I need 3g (1 mpbs++) plans for my mobile for 2 weeks usage. Any site links for Vodafone & idea?


----------



## ithehappy (Apr 13, 2015)

Don't understand the topic.

No idea about Idea but on Vodafone you can simply dial *111# and browse via the on-screen menu.


----------



## $hadow (Apr 13, 2015)

Check out the official sites for your area. Each state has different plans.


----------



## Charley (Apr 13, 2015)

ithehappy said:


> Don't understand the topic.



I read here, some members get 3g speeds on Vodafone at 7-8 mbps, bsnl at 10 mbps. Please explain.



$hadow said:


> Check out the official sites for your area. Each state has different plans.


----------



## .jRay. (Apr 13, 2015)

I have vodafone 3g in mumbai. It sucks to be honest. Worst 3g ive experienced. Maximum i get is around 1mbps whereas i used to get 8-9 mpbs on reliance 3g. Only good thing about Vodafone 3g is good coverage and no call drops.


----------



## ithehappy (Apr 13, 2015)

Charley said:


> I read here, some members get 3g speeds on Vodafone at 7-8 mbps, bsnl at 10 mbps. Please explain.

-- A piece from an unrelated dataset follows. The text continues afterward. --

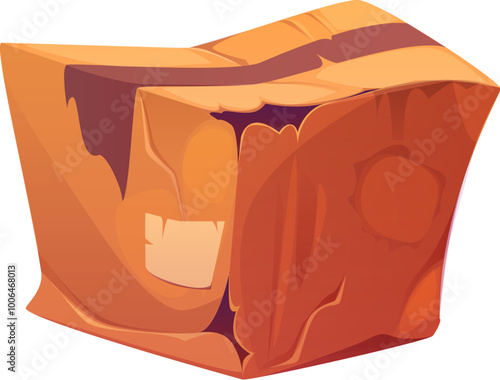 Damaged and crumpled cardboard box used for shipping and delivery. Broken and crushed cargo packaging, ripped parcel symbolizing careless handling or delivery mishaps, poor handling or shipping issues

I am one of those members then. Let me be absolutely clear that I don't use 3G/H+ that much as my office and home both have UL WiFi, I only need to use data when I am travelling. I mean I recharge with 251 rupees every month all right but at the end of the month I see that I haven't used even half data.

I have got 10+ mbps speeds on several occasions, the max I saw was 13 mbps, I think I have few screenshots posted in the Post your speedtest results topic too. I have never seen it going below 2 mbps, never.

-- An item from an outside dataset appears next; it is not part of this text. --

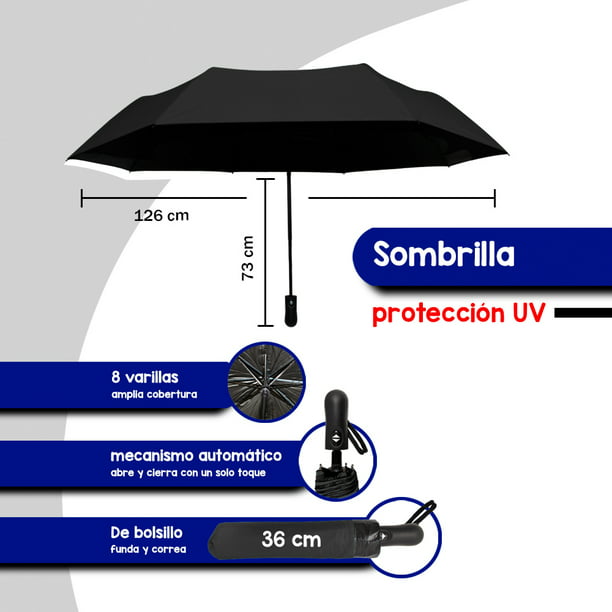 Paraguas La Merced Sombrilla De Bolsillo Manual Marrón Con Puntitos Tela  Resistente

It will always depend on your location though, and I live in a small town.

PS: There's quite significant throttling though, I mean if you use a lot of data in a session at 6-7 mbps, then in next session there will be throttling, you won't get more than 2-3 mbps.


----------



## Prameet (Jul 11, 2015)

indeed Vodafone 3G Network is better atleast for Maharashtra circle


----------



## vidhubhushan (Jul 13, 2015)

ts needed only for 2 weeks and its almost 3 months so i assume his need must have been fulfilled long back.


----------